By Leika Kihara
TOKYO (Reuters) - Bank of Japan Governor Haruhiko Kuroda voiced confidence on Monday that the central bank can shrink its balance sheet at an appropriate pace without disrupting markets, when it exits ultra-loose monetary policy.
He also said the BOJ's huge bond buying was aimed at achieving its 2 percent inflation target, not at bank-rolling the government's huge public debt.
"How to deal with the BOJ's expanded balance sheet would be among key challenges for us when we were to exit from quantitative easing," Kuroda told parliament.

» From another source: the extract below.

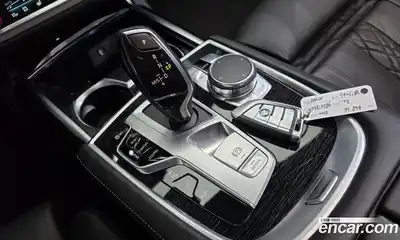 BMW 7-Series 2018 3.0 Автомат в Москве № 1001161, миниатюра 9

"But past experience of other central banks indicate that with a good mix (of redemption and re-investment of bonds), it's possible to shrink our balance sheet at an appropriate pace, while keeping markets stable," he said.
The BOJ has become the first among G7 nations to own assets collectively worth more than the country's entire economy, following a half-decade spending spree designed to accelerate weak price growth.
Critics of the BOJ's radical stimulus programme warn that the central bank could struggle to shrink its huge balance sheet when the time to exit ultra-loose policy comes.
Kuroda rebuffed such concerns, saying that the BOJ can engineer a smooth exit by holding off on reinvesting some of the funds it redeems from bonds that reach maturity.